Heart of Stone (Cuore di Pietra) is a 1996 novel written by the Italian writer Sebastiano Vassalli and published by house Einaudi. It is the story of a stately house owned by lord Basilio Pignatelli, traced from the birth of the Italian Reign to today. Vassalli shows Italy's economic changes, in which Italians are the key players.

Plot 
The novel is set in Novara, a small town surrounded by snowy mountains, where many wars occurred, for example the one against Crucchi. This story shows us the difficult period of the economic progress by describing the huge house and its owner's life. The main character of the novel is the majestic building, which was done up by the well-known architect Antonelli. The owner was lord Pignatelli, a Neapolitan gentleman, who came to Novara to join the royal army. The property was passed on to the heirs, until the family couldn't afford the house anymore, so the family was made to rent out some of the house's rooms. Day by day the residence became battered and its owners left it. Today the building offers refuge to vagabonds.

Characters 
 Antonelli, the architect, who is ambiguous and ill-tempered. He doesn't care about the tastes of his clients and only wants to concentrate on his work. In fact, he is ambitious.

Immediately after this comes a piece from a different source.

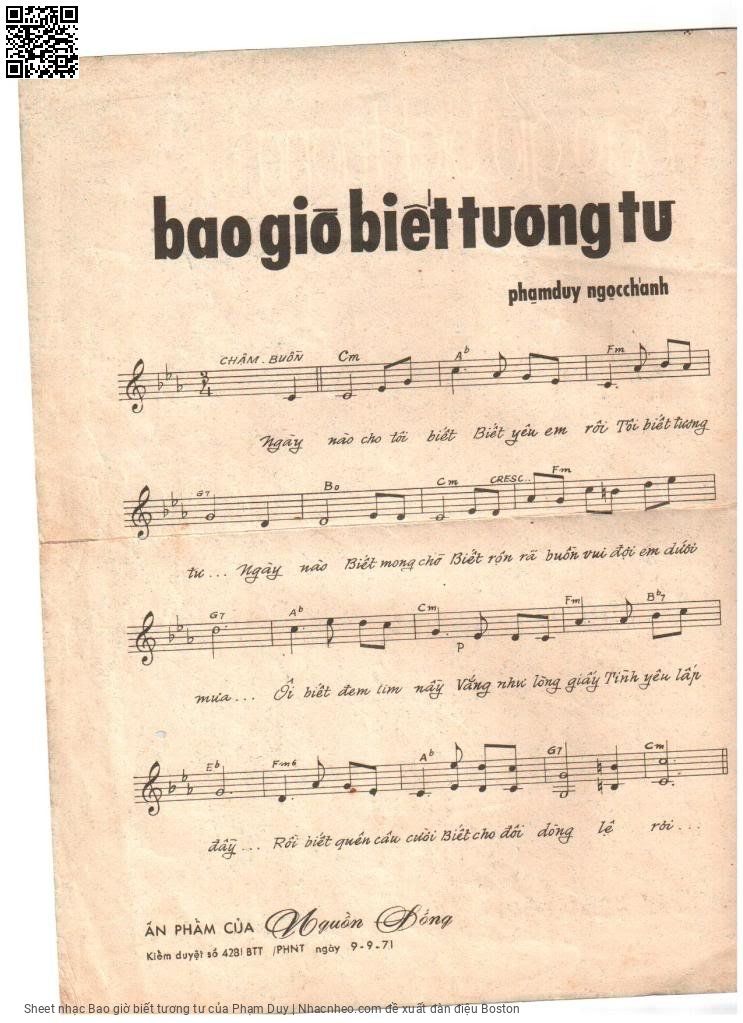 Page 2 of Sheet music PDF Bao giờ biết tương tư - Phạm Duy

 Count Pignatelli, who left Naples because of a problem with some women and came to Novara to be the official of the king. In this town he'll buy a house for his family and servants. He will die under mysterious circumstances in his office. The lord has also three children:
 Raffaele, the first born, who has a beautiful wife Assunta and two children (Giacomo and Maria Gabriella)
 Alfonso, the second born, solicitor, with his wife Lucia, who is pregnant.
 Orsola, young and unhappy, who will commit suicide for a married man.